Leave every picture behind and copy the rest of the entries below exactly.

(MATERIAL PROVIDED)

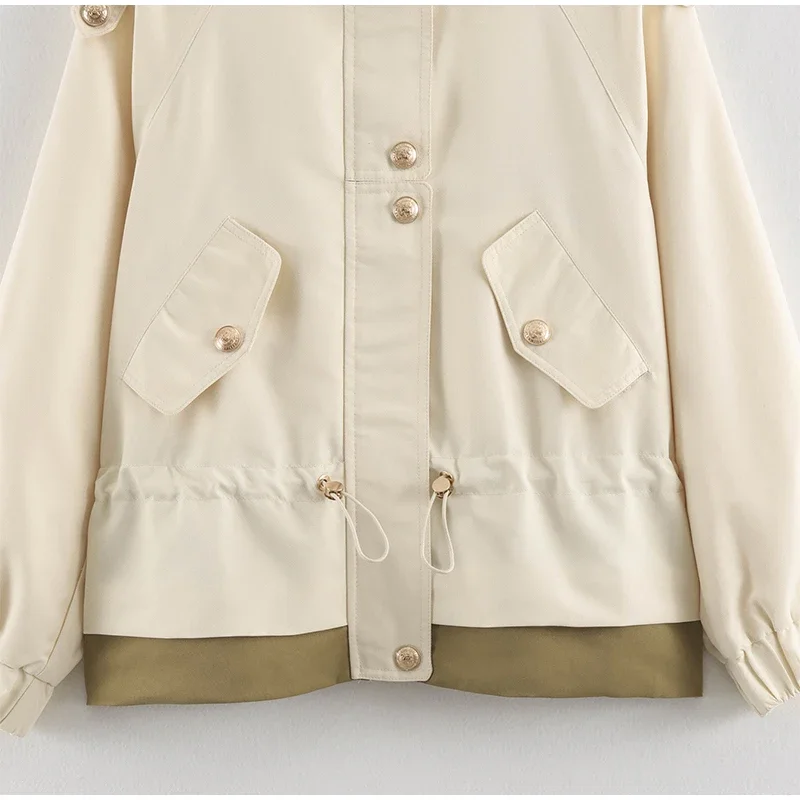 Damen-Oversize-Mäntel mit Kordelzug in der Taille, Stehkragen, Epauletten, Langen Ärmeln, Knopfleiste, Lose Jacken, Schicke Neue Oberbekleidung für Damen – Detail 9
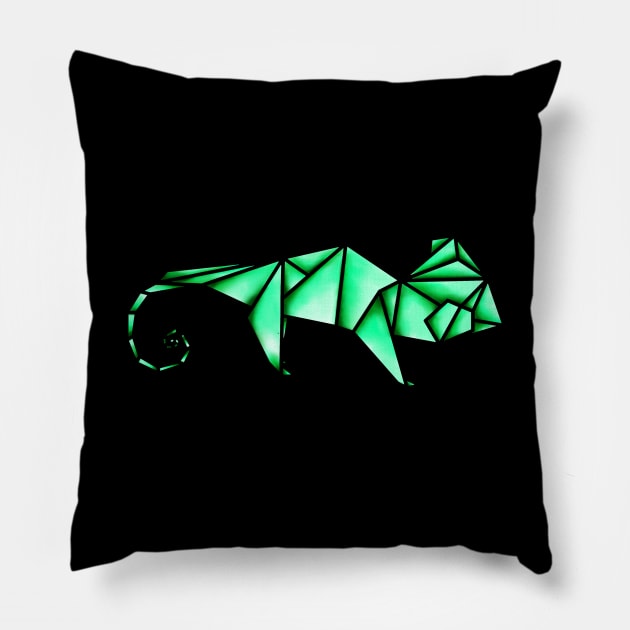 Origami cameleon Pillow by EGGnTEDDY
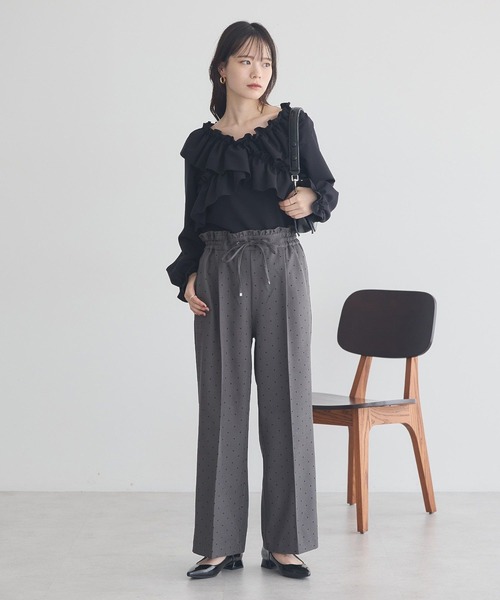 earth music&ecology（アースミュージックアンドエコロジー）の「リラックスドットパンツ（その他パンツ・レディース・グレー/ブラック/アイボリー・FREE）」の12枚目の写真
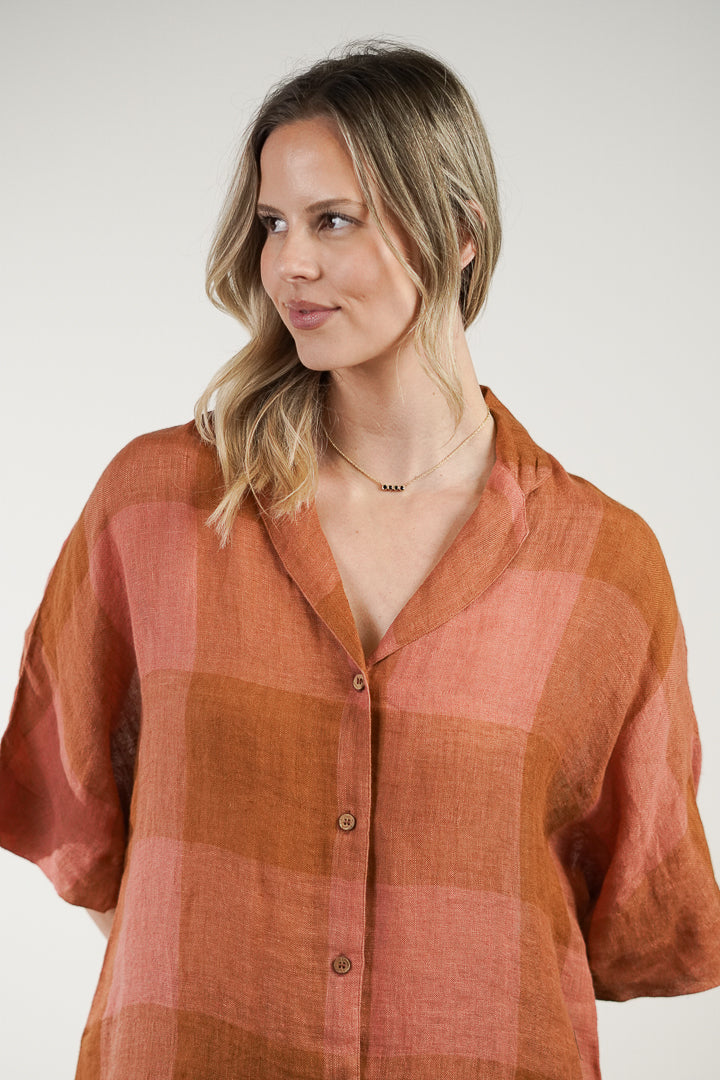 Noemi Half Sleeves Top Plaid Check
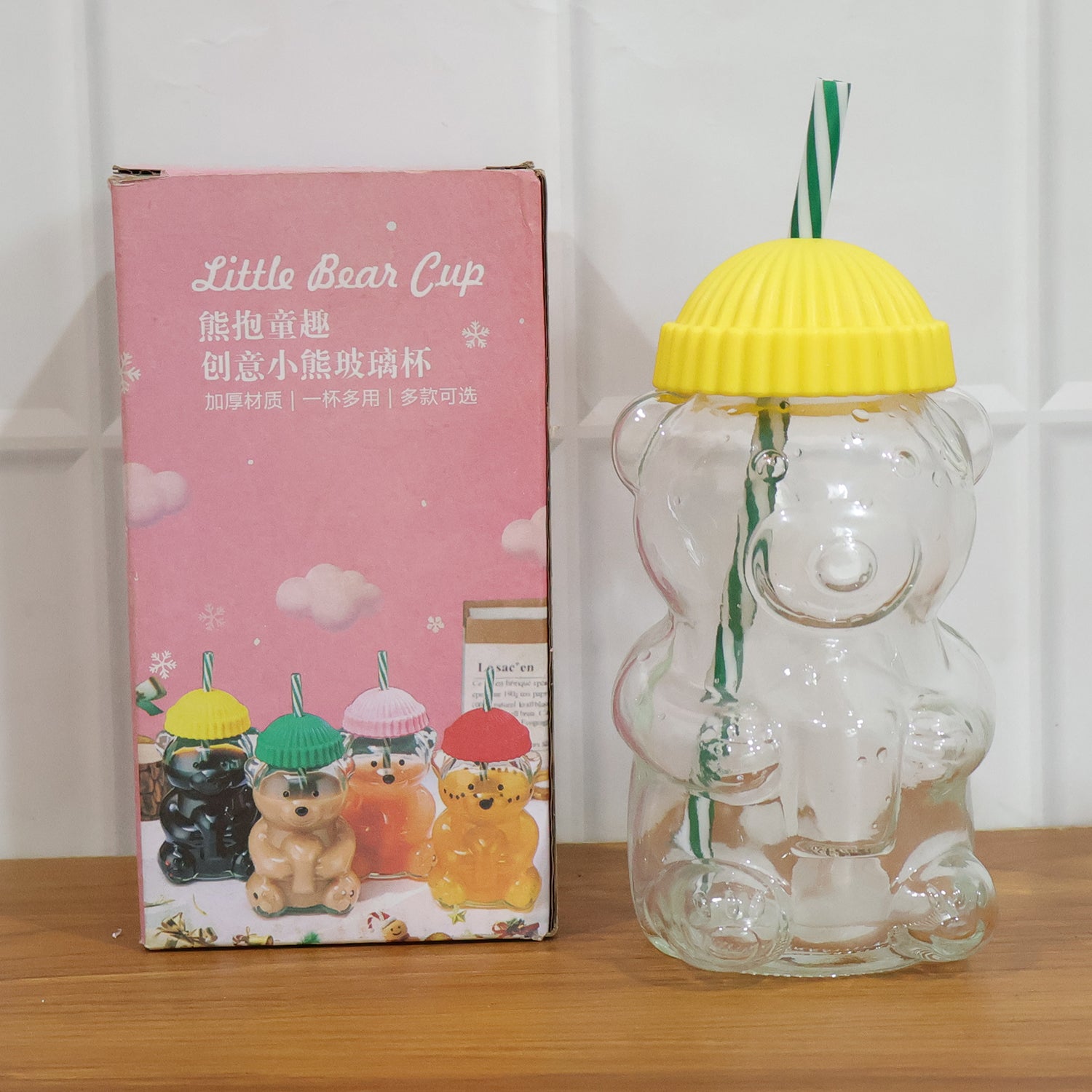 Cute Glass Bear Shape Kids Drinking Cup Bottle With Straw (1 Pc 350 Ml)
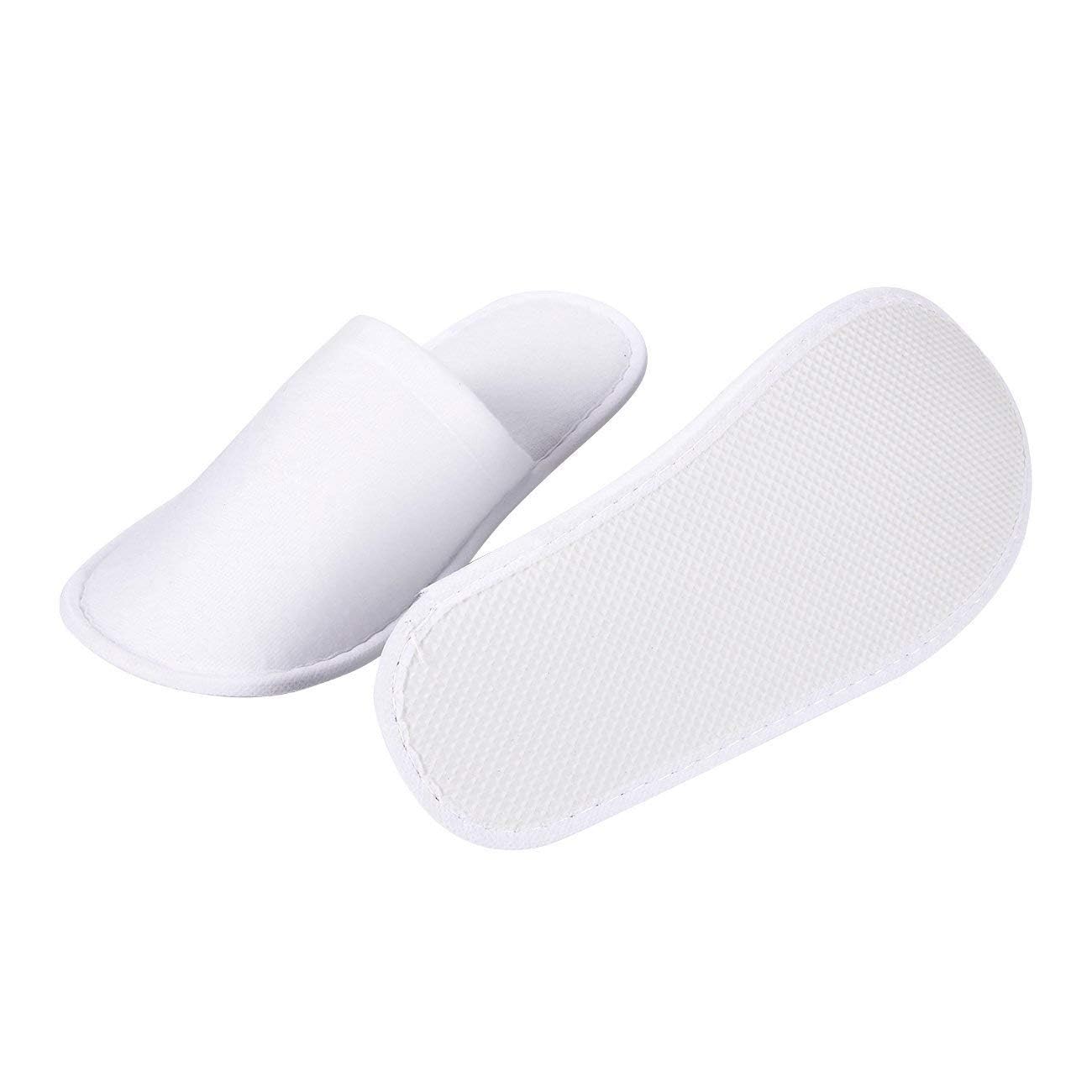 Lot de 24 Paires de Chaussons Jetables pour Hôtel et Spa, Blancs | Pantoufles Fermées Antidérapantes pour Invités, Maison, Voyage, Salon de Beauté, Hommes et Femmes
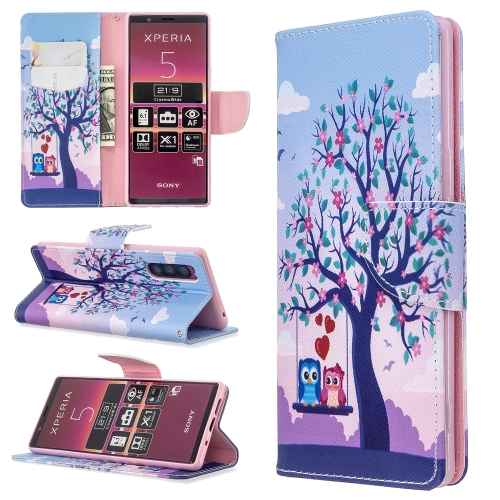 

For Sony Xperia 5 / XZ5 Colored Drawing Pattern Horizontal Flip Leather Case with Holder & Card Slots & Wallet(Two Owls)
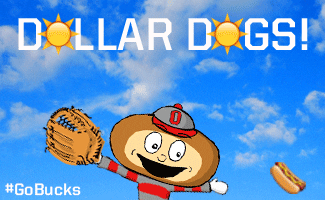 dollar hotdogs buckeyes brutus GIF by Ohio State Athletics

(End MATERIAL PROVIDED)

TASK OUTPUT>
 Damen-Oversize-Mäntel mit Kordelzug in der Taille, Stehkragen, Epauletten, Langen Ärmeln, Knopfleiste, Lose Jacken, Schicke Neue Oberbekleidung für Damen – Detail 9
 Origami cameleon Pillow by EGGnTEDDY
 earth music&ecology（アースミュージックアンドエコロジー）の「リラックスドットパンツ（その他パンツ・レディース・グレー/ブラック/アイボリー・FREE）」の12枚目の写真
 Noemi Half Sleeves Top Plaid Check
 Cute Glass Bear Shape Kids Drinking Cup Bottle With Straw (1 Pc 350 Ml)
 Lot de 24 Paires de Chaussons Jetables pour Hôtel et Spa, Blancs | Pantoufles Fermées Antidérapantes pour Invités, Maison, Voyage, Salon de Beauté, Hommes et Femmes

For Sony Xperia 5 / XZ5 Colored Drawing Pattern Horizontal Flip Leather Case with Holder & Card Slots & Wallet(Two Owls)
 dollar hotdogs buckeyes brutus GIF by Ohio State Athletics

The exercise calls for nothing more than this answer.